■ WHAT THE TASK REQUIRES
In the data below, set down exactly the lines from the one containing "Temu | Explore" up to and including the one containing "BRIDGESTONE 235/65R16C 121/119R". Leave the pictures out.

■ SOURCE INFORMATION
=== Begin Enclosure ===

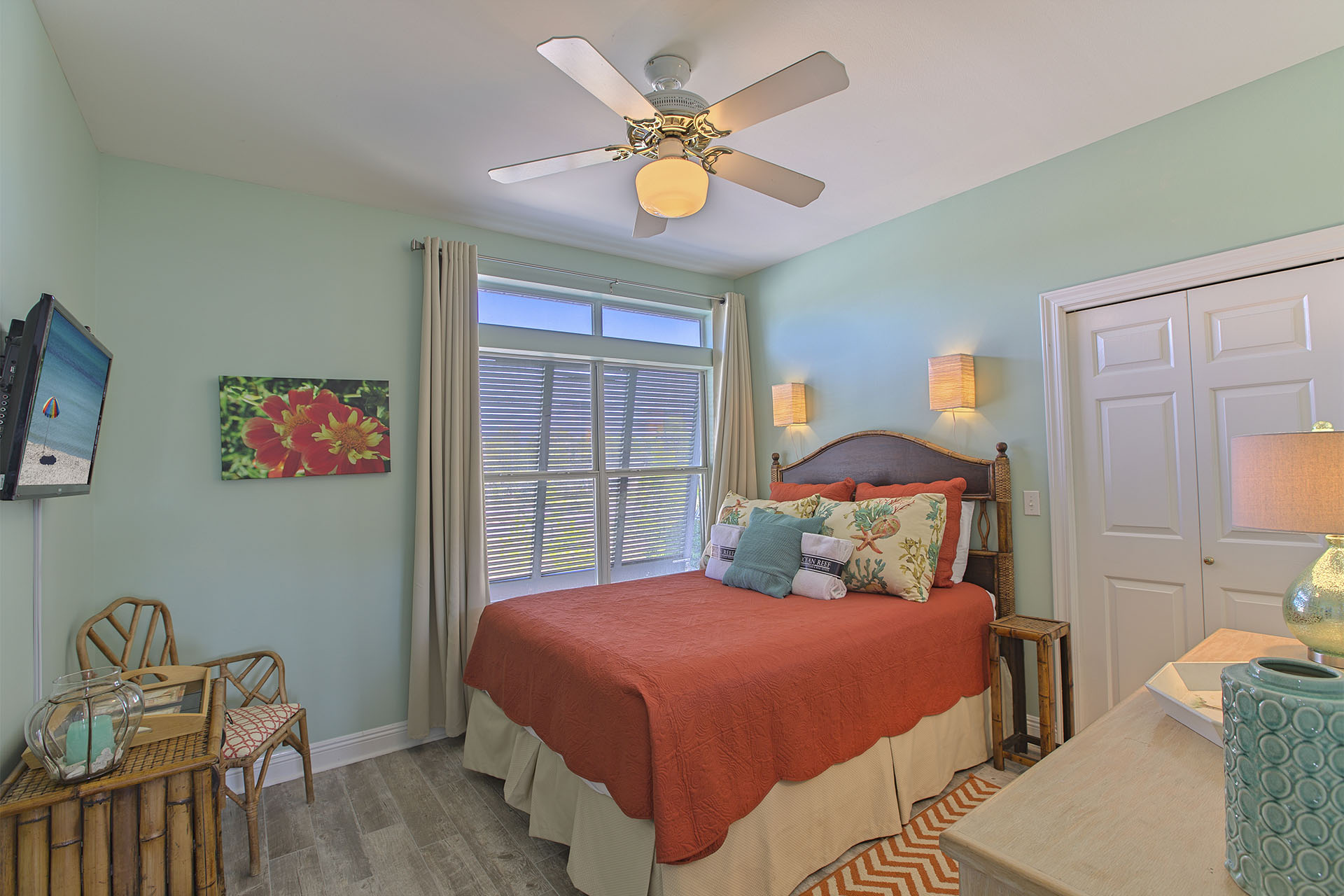 Beaches Of South Walton Home 940418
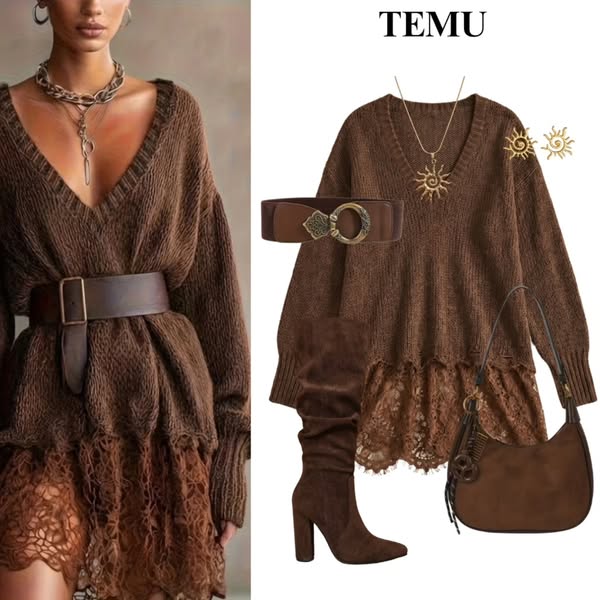Temu | Explore the Latest Clothing, Beauty, Home, Jewelry & More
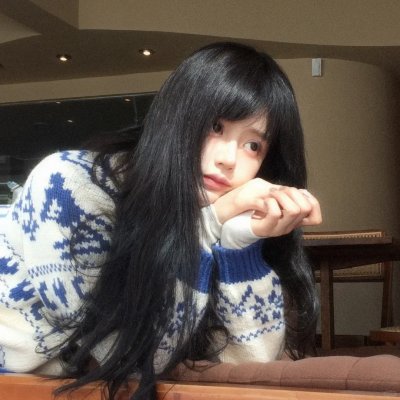 做一只鸟真不容易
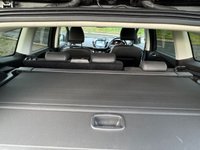 USED 2017 67 FORD KUGA 1.5 TDCi Titanium SUV 5dr Diesel Manual Euro 6 (s/s) (120 ps) METALLIC PAINT, APPEARANCE PACK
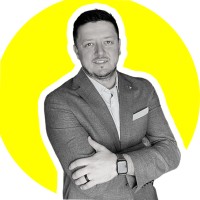 Elvir Begic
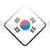 WordPower Lite - Korean icon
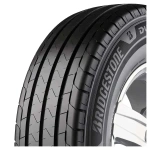 BRIDGESTONE 235/65R16C 121/119R Duravis Van Winter Enliten - Image 2
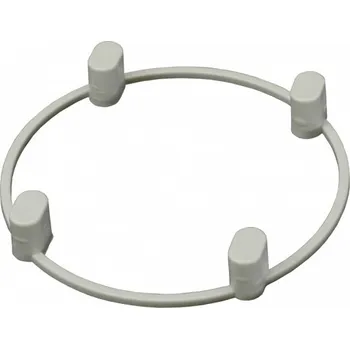 Elektrická zásuvka Upínací nástavec pro IEN, IE a IERN, ND105-2177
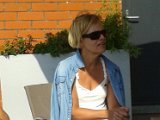 IMG-20160817-WA0024.jpg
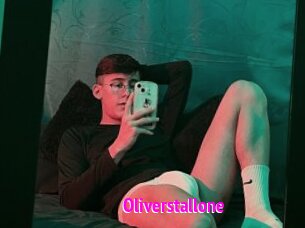 Oliverstallone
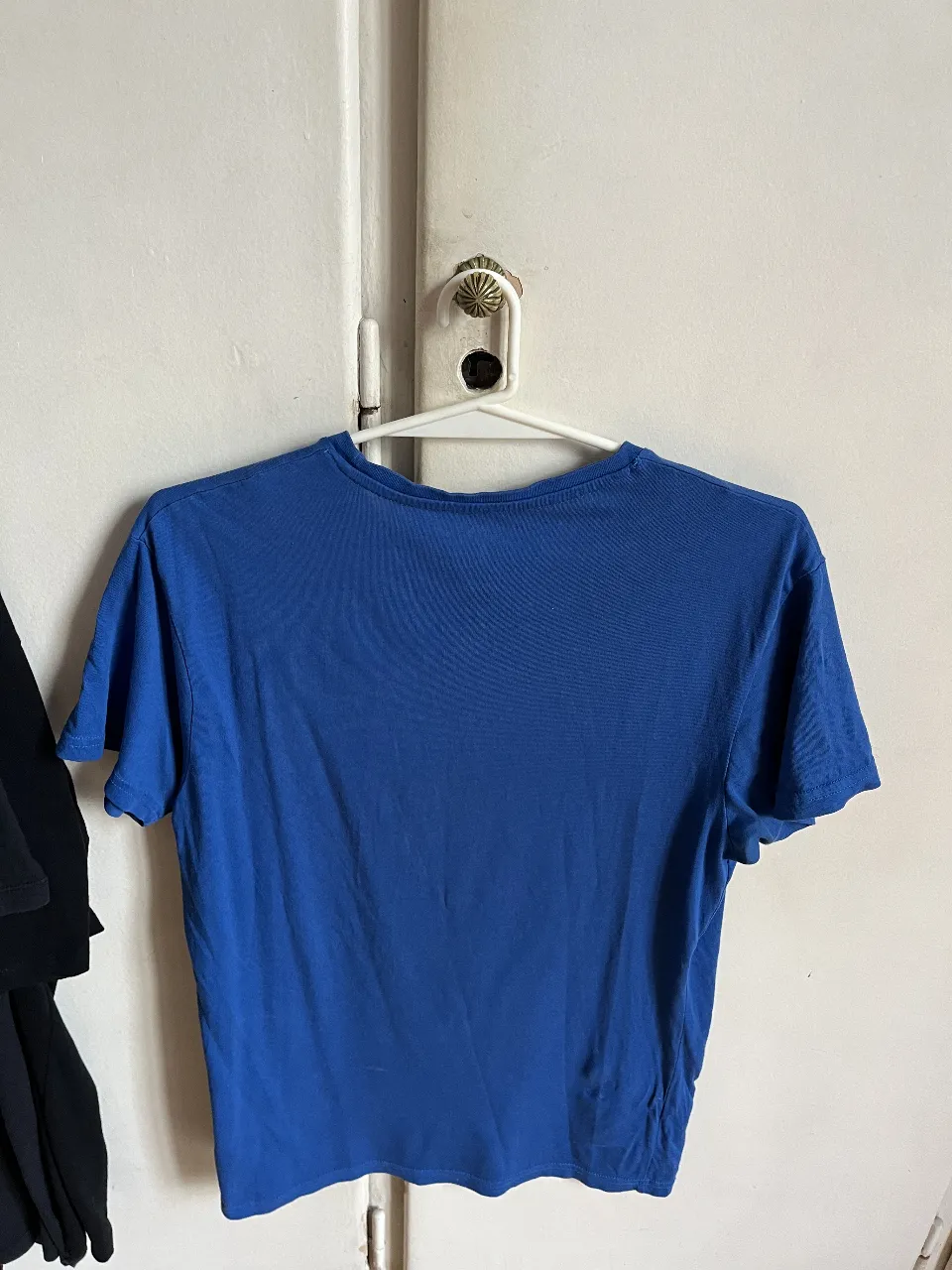 Remera Primark - imagen 4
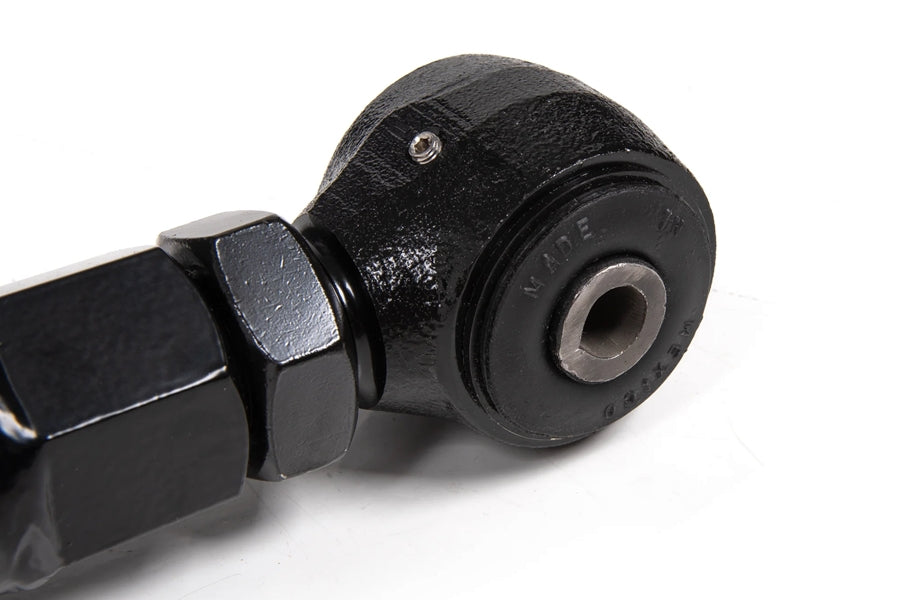 JKS J-Link Rear Lower Adjustable Control Arms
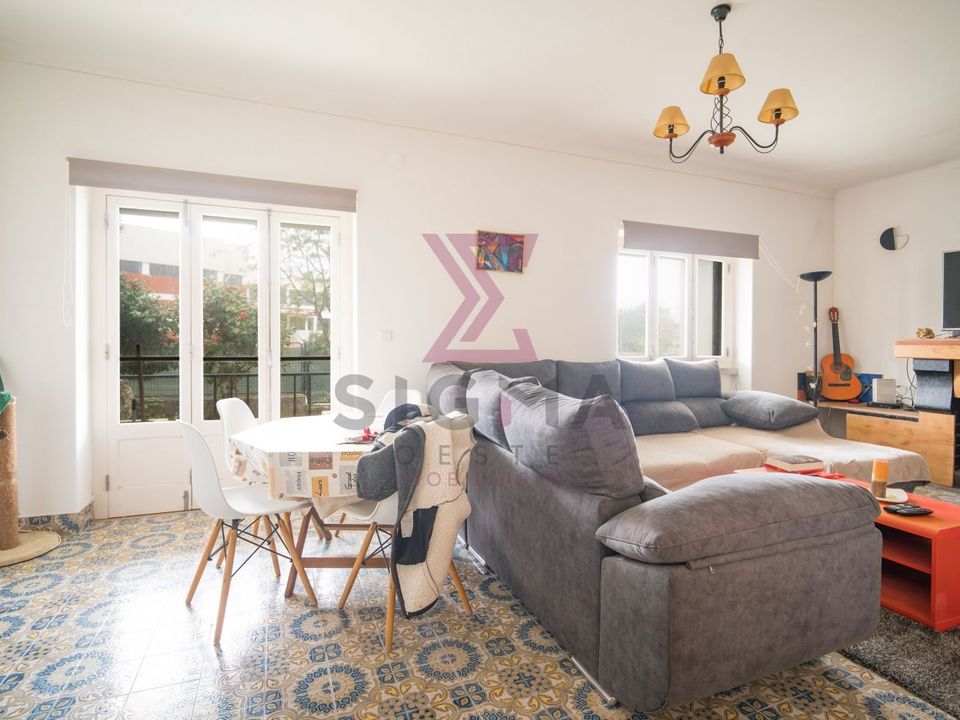 Villa i Caldas da Rainha, Leiria - foto 5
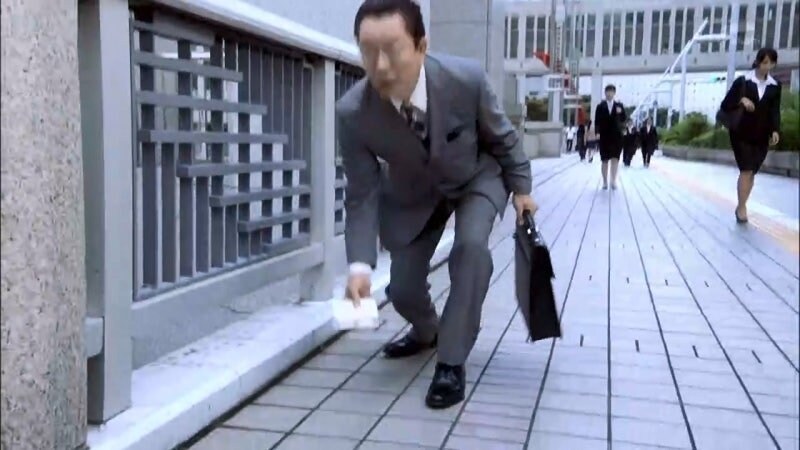 이거 떨어뜨리셨습니다.jpg_6.jpg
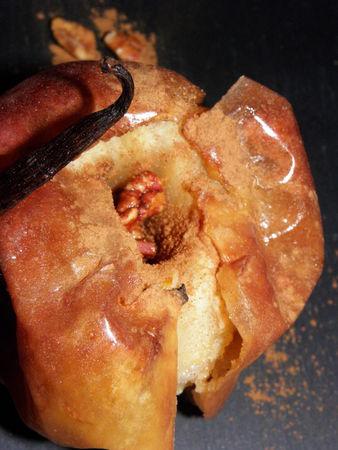 Pommes au four au caramel beurre salé Pommes_au_four_au_caramel_et_noix_de_p_can__5_
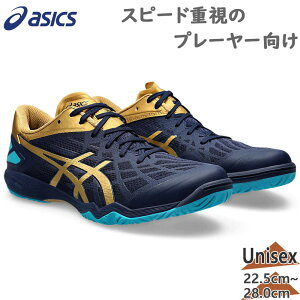 AVbNX Y fB[X ATTACK DOMINATE FF 2 A^bN h~lCg C V[Y 싅 Z  R [Jbg  asics 1073A010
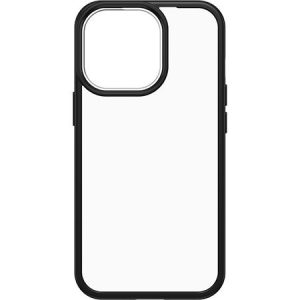 Pack Funda + Protector para iPhone 15 Pro - Imagen 1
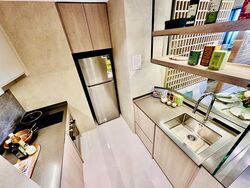 Kassia (D17), Condominium #447871961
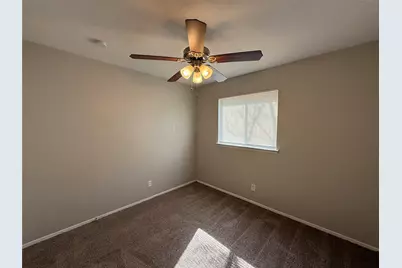 6335 Bellbrook Drive, Dallas, TX 75217 - Photo 10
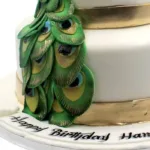 pretty_peacock_cake_3_.jpg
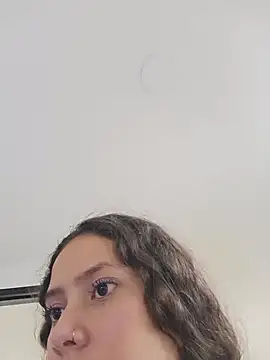 blakeandallisa online show from May 18, 10:05 pm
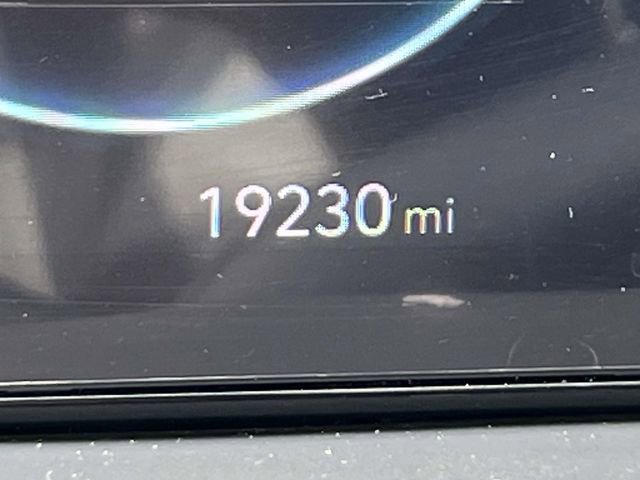 Certified 2023 Hyundai Tucson SEL w/ Convenience Package image 27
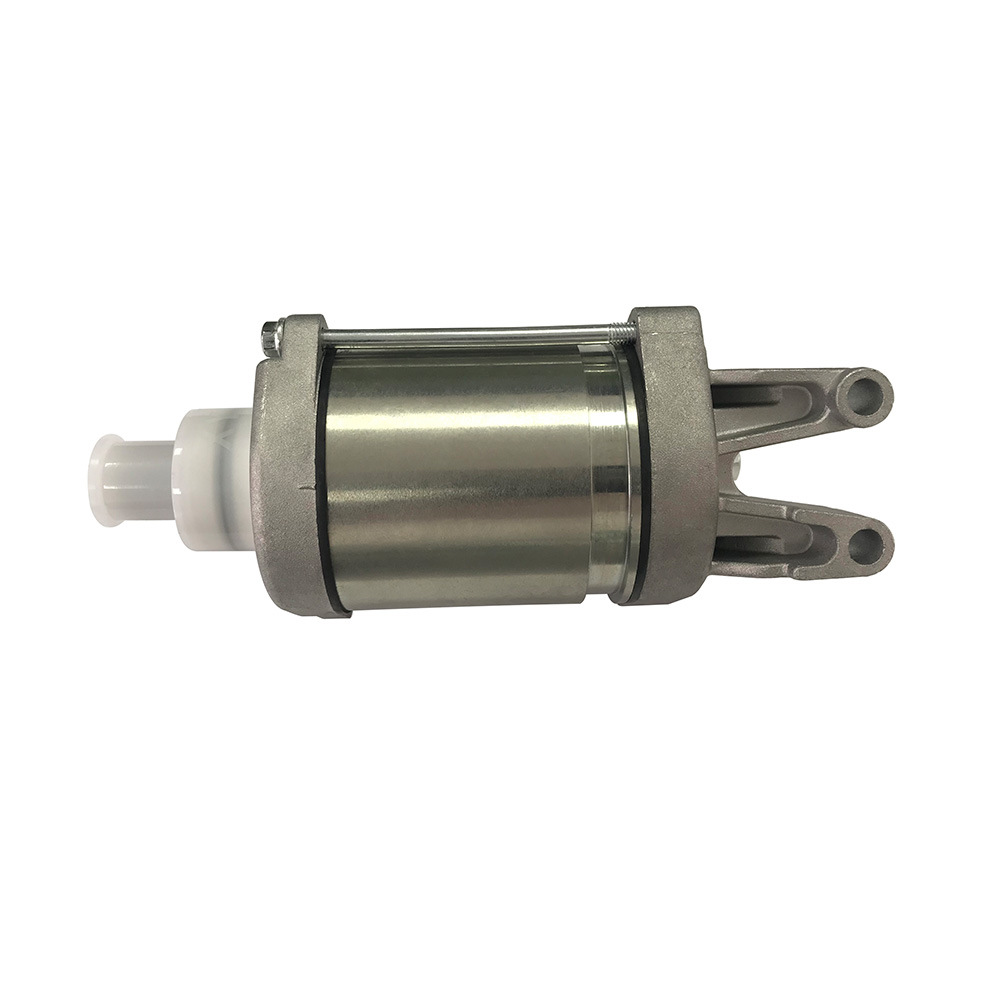 Anlasser 2cr-81890-00-00 Für Yamaha Yzf R1 R1m 2015-2022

=== End Enclosure ===

■ RESULT
Temu | Explore the Latest Clothing, Beauty, Home, Jewelry & More
 做一只鸟真不容易
 USED 2017 67 FORD KUGA 1.5 TDCi Titanium SUV 5dr Diesel Manual Euro 6 (s/s) (120 ps) METALLIC PAINT, APPEARANCE PACK
 Elvir Begic
 WordPower Lite - Korean icon
 BRIDGESTONE 235/65R16C 121/119R Duravis Van Winter Enliten - Image 2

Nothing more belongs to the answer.